When Amber Was Religious, She Fought a Preschool Prayer and Got Bullied by Christians… Now She’s an Atheist April 17, 2015

When Amber Was Religious, She Fought a Preschool Prayer and Got Bullied by Christians… Now She’s an Atheist

In 2013, during a Texas preschool’s “graduation” ceremony, one of the teachers urged a student to say “In Jesus’ name, Amen.”

Amber Barnhill (below) was a parent at that ceremony and was surprised by what she heard. She didn’t want to make a big deal out of it — it was probably just an innocent mistake, right? So she just had a chat with the teacher to let her know the problem:

[The teacher] replied “I’m sorry, but I cannot apologize for that”. She kept reiterating this line through the whole of our conversation. She also said “no one else had a problem with it” though clearly she did not ask everyone involved and “no one has ever said a word to me before about this”. I inserted the word “religion” to which she immediately cut me off with “oh it’s not a religion, it’s a way of life. It’s who I am” and elaborated on this.

The conversation just got more frustrating from there. In short, Amber was the voice of reason. The teacher was the voice of denial.

And then, the next day, the teacher sent the students home with a flyer for a local church.

That’s when the Freedom From Religion Foundation got involved. They sent a letter to the Beaumont Independent School District letting them know of the problem — and just like that, the issue was solved.

12News spoke with the teacher involved. The teacher admits to making a small prayer for the student to say but says she was just trying to give her students a mock graduation.

“I didn’t intend to impose, I just tried to mock a graduation. I did apologize to the lady who was the only one I found who was offended,” She told 12News.

The district say it will respond to the case following a thorough investigation. The teacher tells 12News she will not include prayers in any future programs.

Fantastic. And good for Amber!

Oh, by the way, Amber was a Christian when all of this happened. It didn’t matter. She respected church/state separation and knew the school was violating it.

Yesterday, during Ask an Atheist Day at Lamar University, she came out publicly for the first time as an atheist.
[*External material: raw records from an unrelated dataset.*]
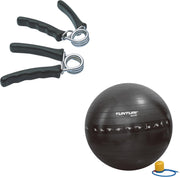 Tunturi - Fitness Set - Knijphalters 2 stuks - Gymball Zwart met Anti Burst 90 cm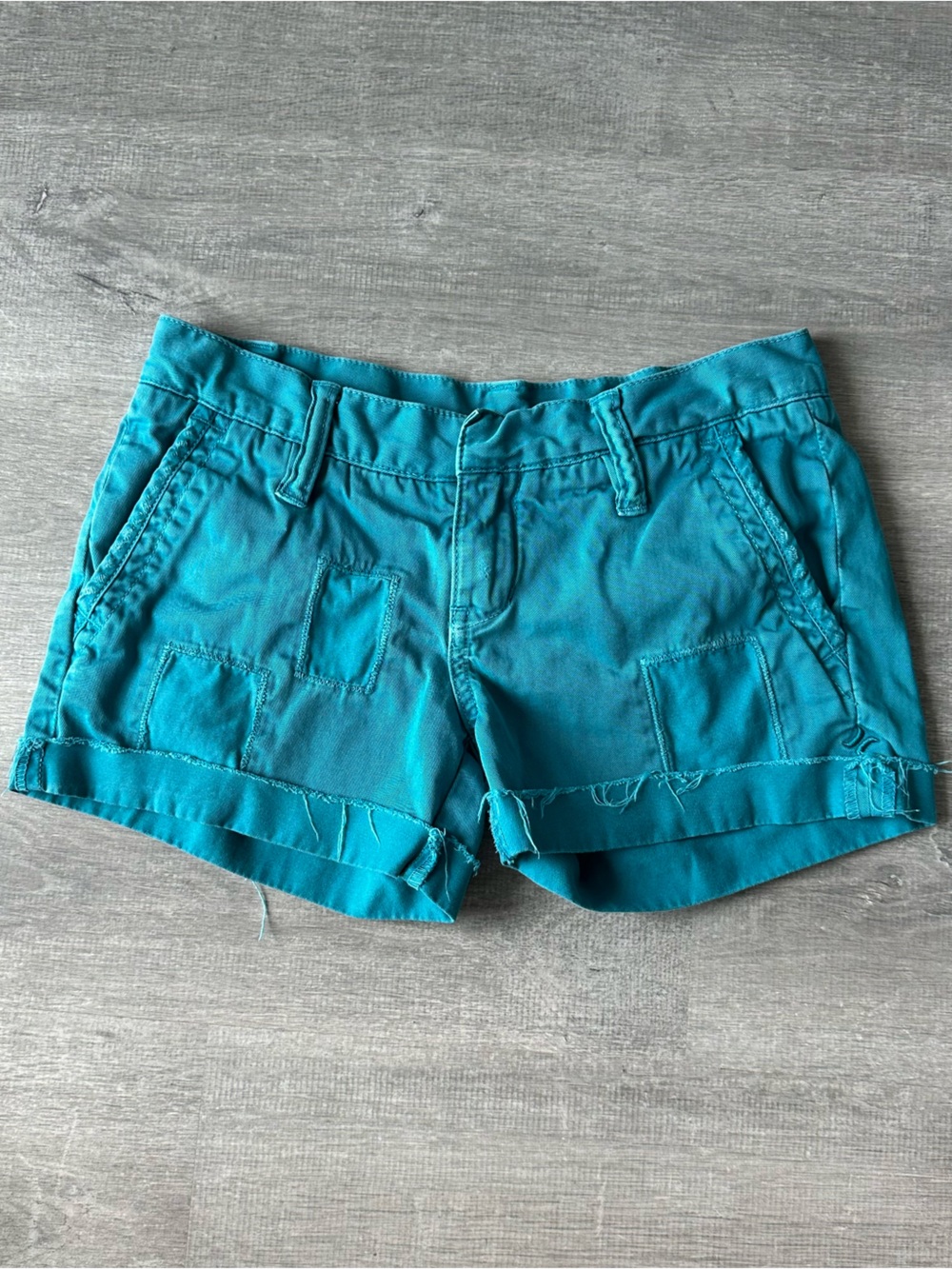 Hurley Teal Cargo Patch Cotton Shorts Y2K
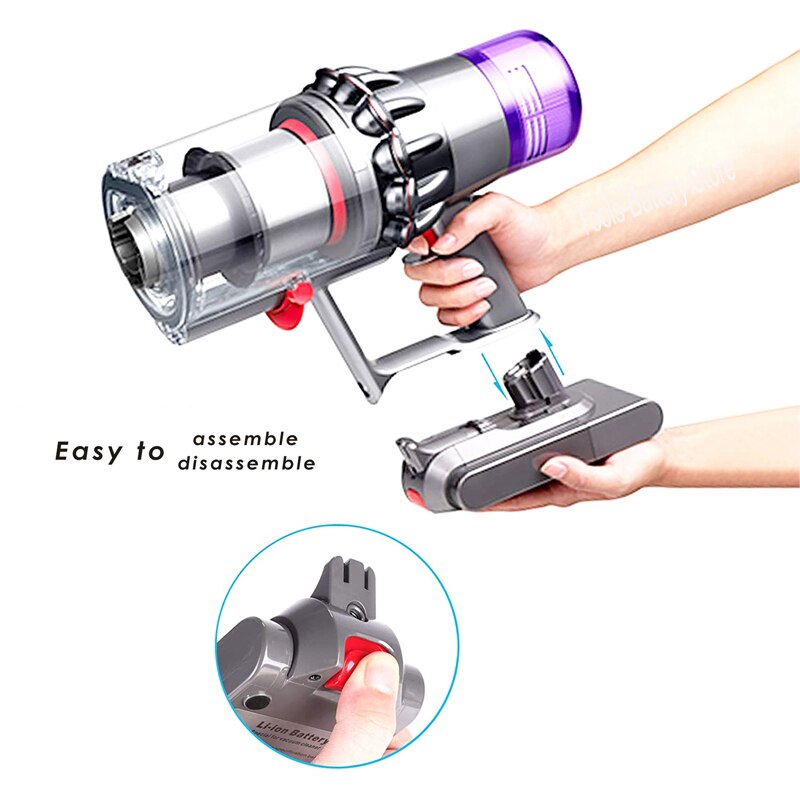Støvsuger batteri til dyson  v6 v7 v8 v10 v11 erstatning original batteri  sv11 sv10 sv12 sv14 (v11 nyeste snap type)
Turns out the bullying she received during her prayer fight helped push her away from the whole Christianity thing:

Online, people called her several derogatory words.

Some comments said:

“So judgmental. Just kill ’em all and let the Lord sort it out.”
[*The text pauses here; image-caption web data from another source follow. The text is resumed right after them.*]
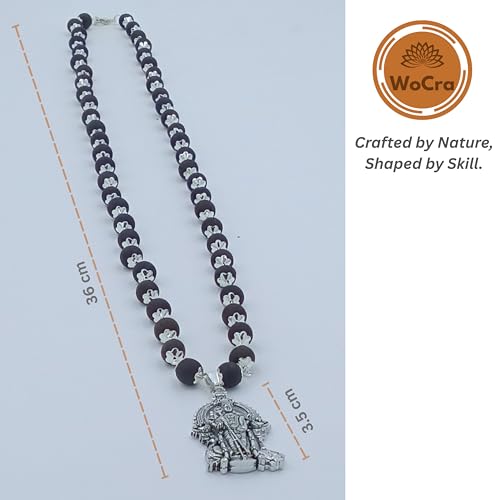 Image of Karungali Malai 8mm Certified with Divine Lord Murugan Pendant Silver Plated Original | 54 Beads Authentic Black Ebony Wood Mala with German Silver Cap for Men & Women | Spiritual Protection, Energy Balance & Daily Pooja Wear - 1 Piece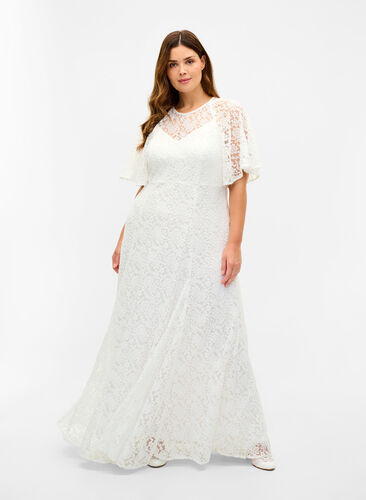 Robe de mariée en dentelle à manches courtes, Star White, Model image number 0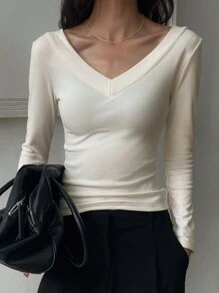 DAZY Camiseta de mujer de cuello en V de unicolor con forro térmico, casual y versátil para otoño e invierno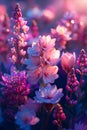 A beautiful image of pink flowers in the sunlight Royalty Free Stock Photo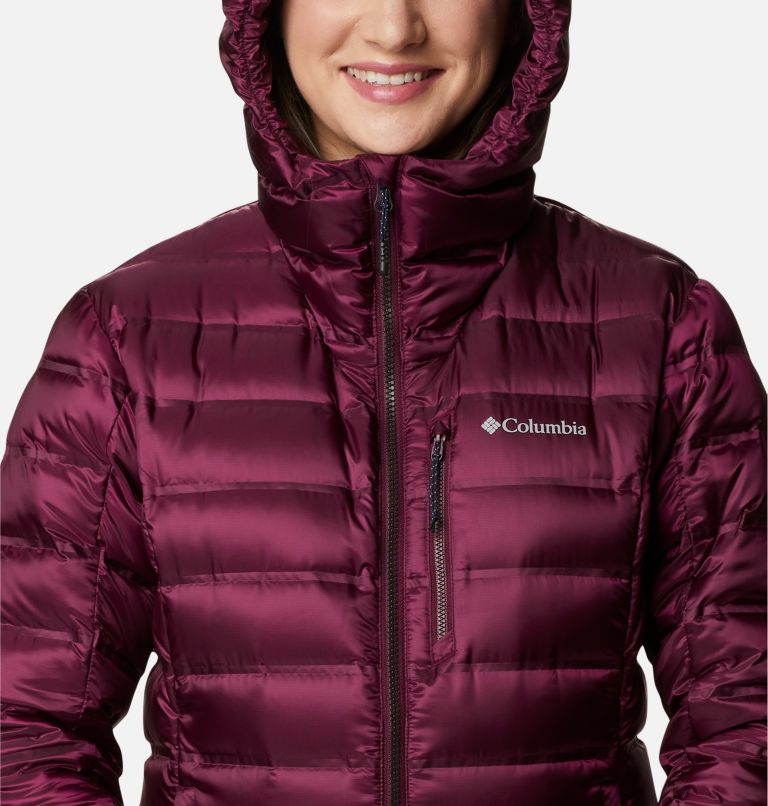 Women's Pebble Peak Down Hooded Jacket, Color: Marionberry, image 4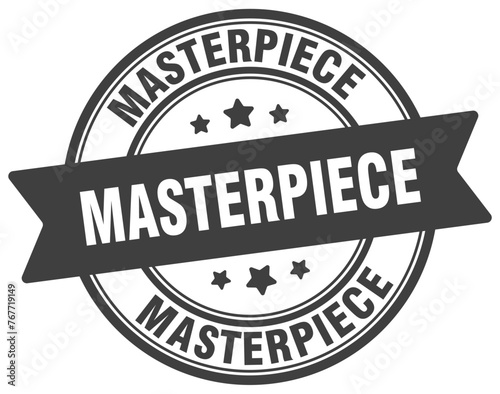 masterpiece stamp. masterpiece label on transparent background. round sign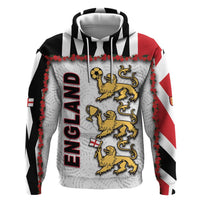 Custom England Football Zip Hoodie Gold Lions And Minimalist Floral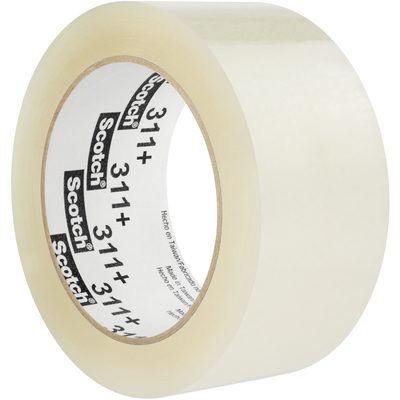 T902311S.jpg This 2 x 110 yds. Clear Scotch® Box Sealing Tape 311+ (36 Rolls/Case) features glossy, transparent tape with black logos and 311+ printed on the core, ideal for packaging.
They asked if she “preferred beating (her) head into the ground five times a day before going home to her hubby for the nightly punching sessions.”

“That’s not why I lost my faith in God,” said Barnhill. “But it did have a huge impact on how quickly that happened.”

If God doesn’t make you good — and those (presumably Christian) commenters are hardly paragons of virtue — you start second-guessing the whole reason you remain religious in the first place. She no longer believed the myths, but without the morality, what else was left?

Congratulations to her for finally shedding her faith.

Amber received an activism award from American Atheists at their recent conference. Well deserved, I would say.